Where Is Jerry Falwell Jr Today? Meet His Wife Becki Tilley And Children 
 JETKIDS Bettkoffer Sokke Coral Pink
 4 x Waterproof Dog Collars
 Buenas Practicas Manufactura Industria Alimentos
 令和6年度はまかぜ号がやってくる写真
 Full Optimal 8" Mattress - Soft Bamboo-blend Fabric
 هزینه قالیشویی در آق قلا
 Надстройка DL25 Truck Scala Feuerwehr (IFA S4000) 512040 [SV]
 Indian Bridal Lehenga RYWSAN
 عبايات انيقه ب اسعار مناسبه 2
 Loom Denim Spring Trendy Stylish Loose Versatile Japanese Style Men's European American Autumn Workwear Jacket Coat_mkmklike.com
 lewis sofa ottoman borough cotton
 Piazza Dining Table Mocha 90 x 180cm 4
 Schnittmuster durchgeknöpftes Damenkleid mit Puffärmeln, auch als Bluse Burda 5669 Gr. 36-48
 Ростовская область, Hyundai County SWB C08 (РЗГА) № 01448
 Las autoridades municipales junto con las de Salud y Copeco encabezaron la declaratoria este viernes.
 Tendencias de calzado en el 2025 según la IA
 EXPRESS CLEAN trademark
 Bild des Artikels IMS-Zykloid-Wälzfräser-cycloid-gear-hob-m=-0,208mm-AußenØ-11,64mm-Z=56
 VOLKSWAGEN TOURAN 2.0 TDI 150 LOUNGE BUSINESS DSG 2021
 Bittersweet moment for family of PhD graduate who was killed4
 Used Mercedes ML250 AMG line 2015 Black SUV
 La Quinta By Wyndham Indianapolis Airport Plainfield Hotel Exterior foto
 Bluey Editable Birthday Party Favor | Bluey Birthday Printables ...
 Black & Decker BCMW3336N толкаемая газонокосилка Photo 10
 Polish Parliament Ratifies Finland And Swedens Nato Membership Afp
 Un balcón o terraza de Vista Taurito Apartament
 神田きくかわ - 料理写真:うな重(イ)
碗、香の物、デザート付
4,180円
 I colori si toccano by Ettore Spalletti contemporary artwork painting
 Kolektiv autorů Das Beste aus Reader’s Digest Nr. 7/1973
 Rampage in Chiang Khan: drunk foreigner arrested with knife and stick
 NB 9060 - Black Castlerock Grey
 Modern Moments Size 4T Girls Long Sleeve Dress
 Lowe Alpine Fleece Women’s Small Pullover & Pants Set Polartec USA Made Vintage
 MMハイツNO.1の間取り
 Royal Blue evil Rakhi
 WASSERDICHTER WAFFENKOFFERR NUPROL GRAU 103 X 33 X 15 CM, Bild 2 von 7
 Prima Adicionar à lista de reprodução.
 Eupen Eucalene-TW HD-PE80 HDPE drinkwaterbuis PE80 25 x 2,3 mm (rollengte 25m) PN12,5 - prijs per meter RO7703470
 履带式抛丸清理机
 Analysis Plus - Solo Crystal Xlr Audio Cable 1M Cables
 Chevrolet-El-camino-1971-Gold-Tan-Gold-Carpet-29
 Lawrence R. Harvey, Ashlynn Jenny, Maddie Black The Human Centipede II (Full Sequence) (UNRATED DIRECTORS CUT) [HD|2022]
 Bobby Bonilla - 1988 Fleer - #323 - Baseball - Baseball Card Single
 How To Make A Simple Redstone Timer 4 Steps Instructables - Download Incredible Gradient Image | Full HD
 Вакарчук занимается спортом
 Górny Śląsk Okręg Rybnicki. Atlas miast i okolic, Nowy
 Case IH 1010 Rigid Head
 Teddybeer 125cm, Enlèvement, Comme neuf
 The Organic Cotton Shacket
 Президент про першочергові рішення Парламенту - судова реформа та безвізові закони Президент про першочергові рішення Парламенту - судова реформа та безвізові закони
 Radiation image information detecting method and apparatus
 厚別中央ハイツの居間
****************************************
◆ YOUR INSTRUCTIONS ◆
Set down every entry exactly as given.

◆ WRITTEN ANSWER ◆
Where Is Jerry Falwell Jr Today? Meet His Wife Becki Tilley And Children 
 JETKIDS Bettkoffer Sokke Coral Pink
 4 x Waterproof Dog Collars
 Buenas Practicas Manufactura Industria Alimentos
 令和6年度はまかぜ号がやってくる写真
 Full Optimal 8" Mattress - Soft Bamboo-blend Fabric
 هزینه قالیشویی در آق قلا
 Надстройка DL25 Truck Scala Feuerwehr (IFA S4000) 512040 [SV]
 Indian Bridal Lehenga RYWSAN
 عبايات انيقه ب اسعار مناسبه 2
 Loom Denim Spring Trendy Stylish Loose Versatile Japanese Style Men's European American Autumn Workwear Jacket Coat_mkmklike.com
 lewis sofa ottoman borough cotton
 Piazza Dining Table Mocha 90 x 180cm 4
 Schnittmuster durchgeknöpftes Damenkleid mit Puffärmeln, auch als Bluse Burda 5669 Gr. 36-48
 Ростовская область, Hyundai County SWB C08 (РЗГА) № 01448
 Las autoridades municipales junto con las de Salud y Copeco encabezaron la declaratoria este viernes.
 Tendencias de calzado en el 2025 según la IA
 EXPRESS CLEAN trademark
 Bild des Artikels IMS-Zykloid-Wälzfräser-cycloid-gear-hob-m=-0,208mm-AußenØ-11,64mm-Z=56
 VOLKSWAGEN TOURAN 2.0 TDI 150 LOUNGE BUSINESS DSG 2021
 Bittersweet moment for family of PhD graduate who was killed4
 Used Mercedes ML250 AMG line 2015 Black SUV
 La Quinta By Wyndham Indianapolis Airport Plainfield Hotel Exterior foto
 Bluey Editable Birthday Party Favor | Bluey Birthday Printables ...
 Black & Decker BCMW3336N толкаемая газонокосилка Photo 10
 Polish Parliament Ratifies Finland And Swedens Nato Membership Afp
 Un balcón o terraza de Vista Taurito Apartament
 神田きくかわ - 料理写真:うな重(イ)
碗、香の物、デザート付
4,180円
 I colori si toccano by Ettore Spalletti contemporary artwork painting
 Kolektiv autorů Das Beste aus Reader’s Digest Nr. 7/1973
 Rampage in Chiang Khan: drunk foreigner arrested with knife and stick
 NB 9060 - Black Castlerock Grey
 Modern Moments Size 4T Girls Long Sleeve Dress
 Lowe Alpine Fleece Women’s Small Pullover & Pants Set Polartec USA Made Vintage
 MMハイツNO.1の間取り
 Royal Blue evil Rakhi
 WASSERDICHTER WAFFENKOFFERR NUPROL GRAU 103 X 33 X 15 CM, Bild 2 von 7
 Prima Adicionar à lista de reprodução.
 Eupen Eucalene-TW HD-PE80 HDPE drinkwaterbuis PE80 25 x 2,3 mm (rollengte 25m) PN12,5 - prijs per meter RO7703470
 履带式抛丸清理机
 Analysis Plus - Solo Crystal Xlr Audio Cable 1M Cables
 Chevrolet-El-camino-1971-Gold-Tan-Gold-Carpet-29
 Lawrence R. Harvey, Ashlynn Jenny, Maddie Black The Human Centipede II (Full Sequence) (UNRATED DIRECTORS CUT) [HD|2022]
 Bobby Bonilla - 1988 Fleer - #323 - Baseball - Baseball Card Single
 How To Make A Simple Redstone Timer 4 Steps Instructables - Download Incredible Gradient Image | Full HD
 Вакарчук занимается спортом
 Górny Śląsk Okręg Rybnicki. Atlas miast i okolic, Nowy
 Case IH 1010 Rigid Head
 Teddybeer 125cm, Enlèvement, Comme neuf
 The Organic Cotton Shacket
 Президент про першочергові рішення Парламенту - судова реформа та безвізові закони Президент про першочергові рішення Парламенту - судова реформа та безвізові закони
 Radiation image information detecting method and apparatus
 厚別中央ハイツの居間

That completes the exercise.